KNOWING SPANISH can make a difference in a life and death situation, he said. “If you are dealing with a group and they are working out a plan to disarm or kill you, definitely it’s important.”

The officers who took the course learned street language in several idioms. Hispanic people will use different words with similar meaning, depending on whether they are from Columbia, Guatemala, Puerto Rico, El Salvador, or Mexico, he said.

It costs about $765 to send one person to a 16-week course or $4,590 for a group of six, said Judy Rodgers, acting training officer for Loudoun County Human Resources.

Deputies learn to say commands such as “Give me the gun,” common street phrases and curse words, so they can speak and understand what is being said. They study pronunciation so they can read the Miranda rights. The instructor teaches the students the different parts of a house in case there is a chase inside.

“We like very small classes so we can teach one-on-one,” Rodgers said.

Zadula said his class was tailored for law enforcement authorities. He gave high marks to the teacher, Ana Luisa Giraldo-Gonzalez. “The instructor was insightful enough to see our social tendencies … we always talk shop,” he said. “When we were chatter boxes about what happened the night before, what she did was ask us to tell her what happened in Spanish.”

She helped the deputies when they had trouble with the translation. “That was very, very useful,” he said. “She really helped us progress in our skills from how a child would speak to the way an adult would speak.”

Kraig Troxell, the Sheriff’s Office spokesman, said another 16-week course will be held before the end of the year. “We have deputies fluent in Spanish, French, Italian, Cambodian, Vietnamese, German and Russian,” he said.

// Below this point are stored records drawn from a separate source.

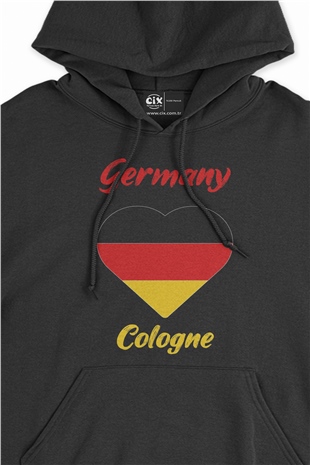 Köln Almanya  Bayraklı Kalpli Siyah Sweatshirt Hoodie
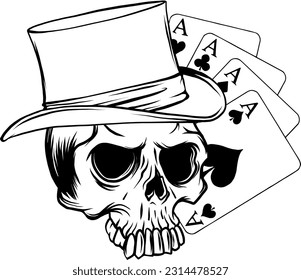 monochrome Pokerkarten mit Schädel, Vektorgrafik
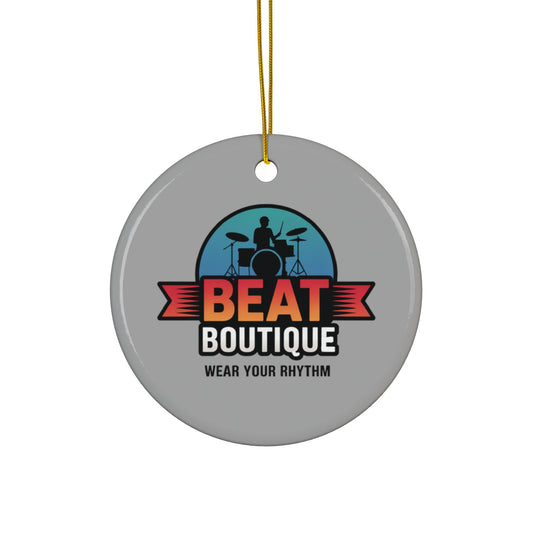 Drummer Logo Ceramic Ornament — 'Beat Boutique: Wear Your Rhythm' Holiday Decoration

Deputies have learned phrases at the Northern Virginia Criminal Justice Academy in Ashburn, he added. Attending a police academy is a prerequisite to becoming a law enforcement officer

Sgt. Mike Burke and Cpl. Larry Hildner of the Herndon Police Department, have taught the academy’s three-day class in the past. Burke said he taught verbs in the infinitive rather than explaining the different verb tenses. For example, “Usted hablar Ingles?” means “You to speak English?”

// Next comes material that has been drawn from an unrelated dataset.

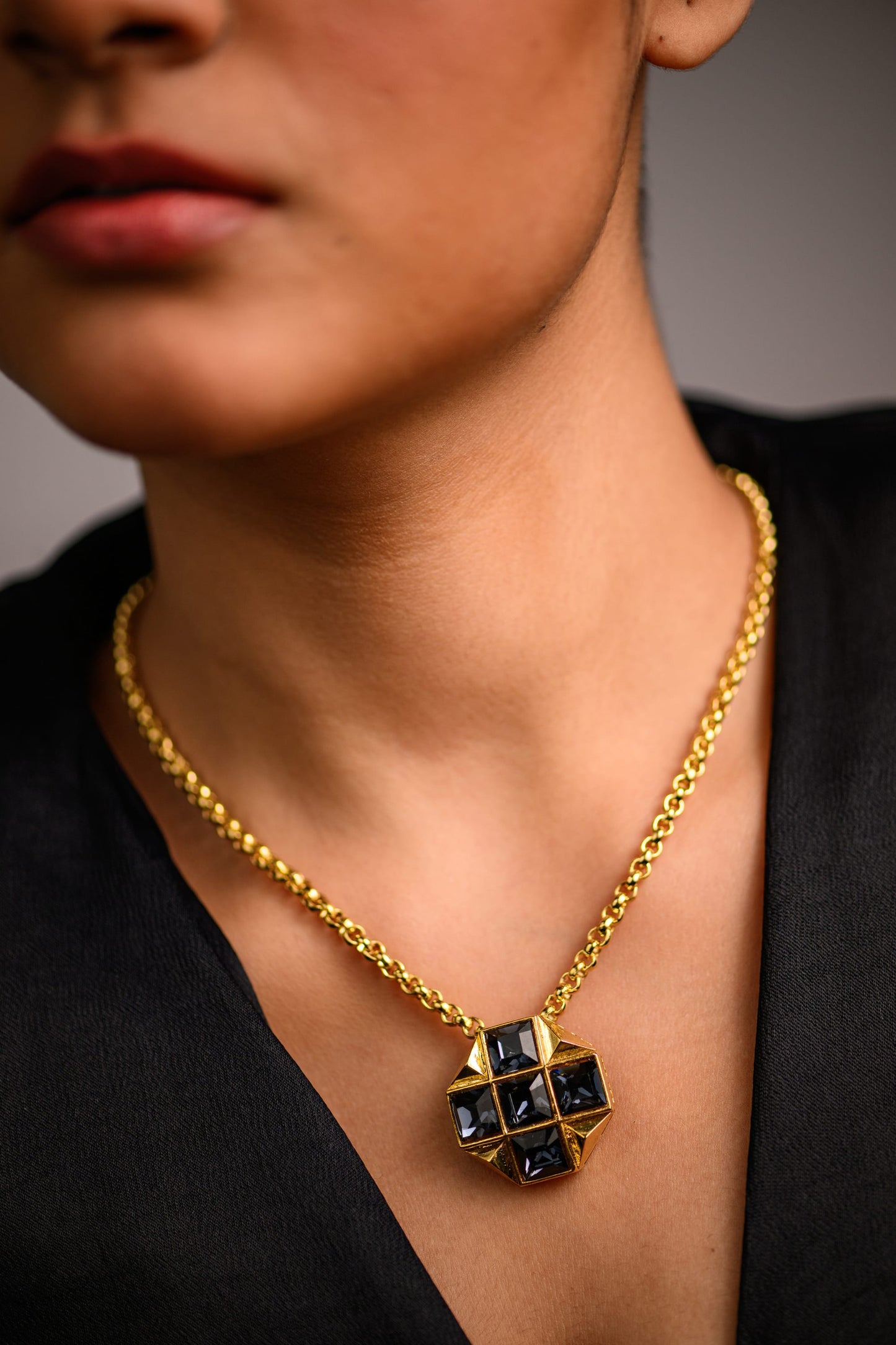 Checkers Square Crystal Necklace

“Somebody would understand that sentence. It is no different from me using the improper tense of ‘is’ or ‘are.’ Instead of, ‘I am a policeman,’ I might say ‘I is a policeman.’

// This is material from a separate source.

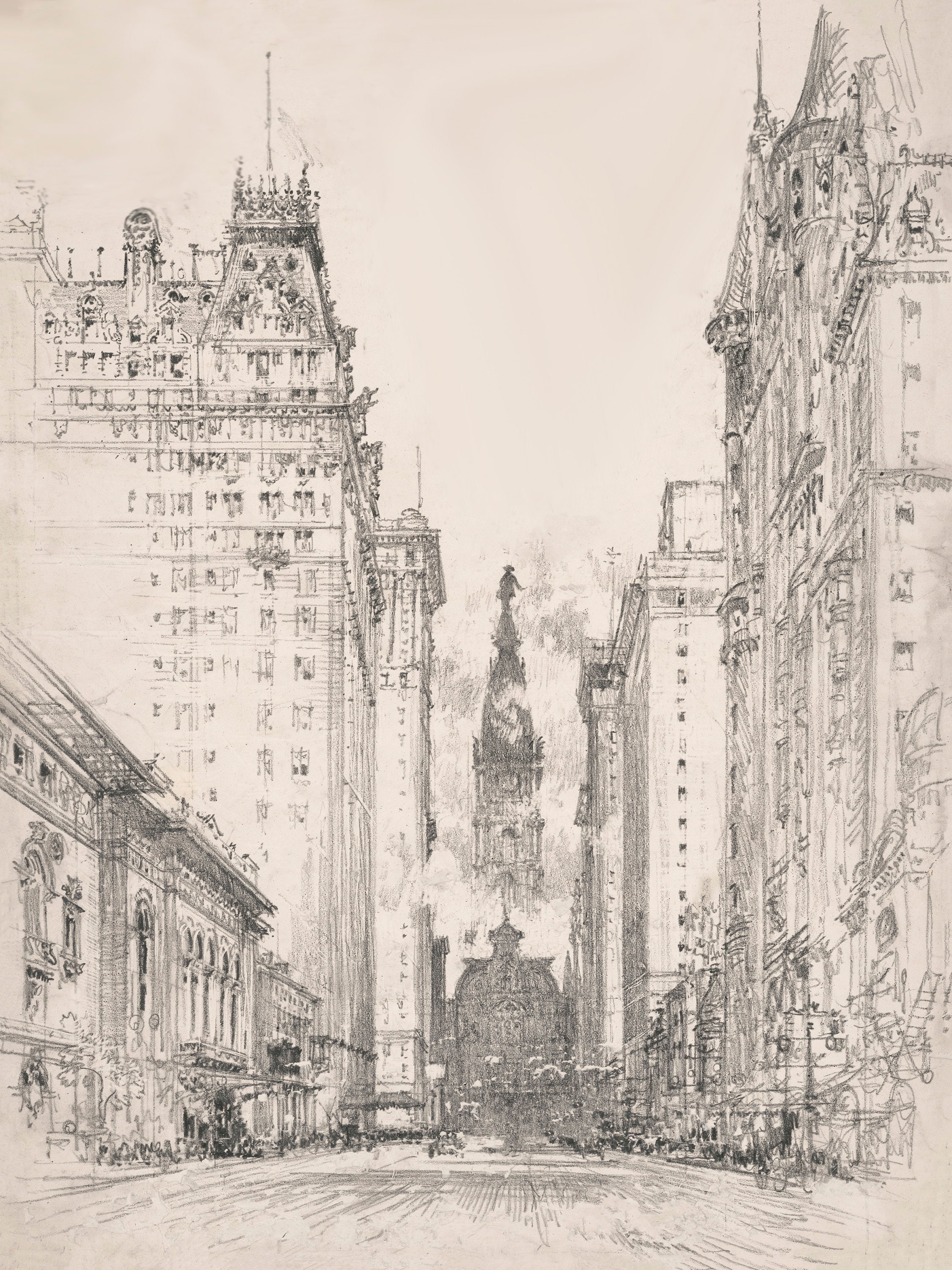 Vintage Black and White New York City Sketch Skyscraper Skyline Drawing ...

“I don’t know if your faith in me as a police officer would be all that great afterward, but,” he added, with a chuckle.

Even if a deputy cannot remember the phrases perfectly, speaking them loud and firm can help quell a difficult situation, he said.

SOME DEPUTIES carry pocket Spanish dictionaries, Troxell said. The language bank also comes in handy when there are no Spanish-speaking deputies available. “You might have a domestic situation. You have an alleged victim and suspect. Neither of them can speak English. You separate them and try to find out what occurred,” he said. “It is a scenario that is on the rise.”

A deputy will call the language bank and have someone speak to the victim and suspect and make the translation.

Troxell said bilingual law enforcement authorities are in high demand in the greater Washington, D.C. area. “We are competing with area jurisdictions,” he said. “We’re trying to become more creative, using different advertising to reach out to the Hispanic community.”

Rodgers said the deputies are the latest in the group of county employees who have used Inlingua School’s services. Human Resources started sending county employees to Spanish classes in January 2001 to learn terminology germane to their work responsibilities. The Department of Mental Health, Mental Retardation and Substance Abuse Services sent employees to a two-year course to become fluent. The Treasurer’s Office, Fire and Rescue and the public libraries had employees take 16-week courses.

“It’s been very important, because we have been able to provide the kind of services that now are needed for Spanish-speaking citizens,” she said. “Our staff has been able to provide more effective and efficient services by having the language capability.”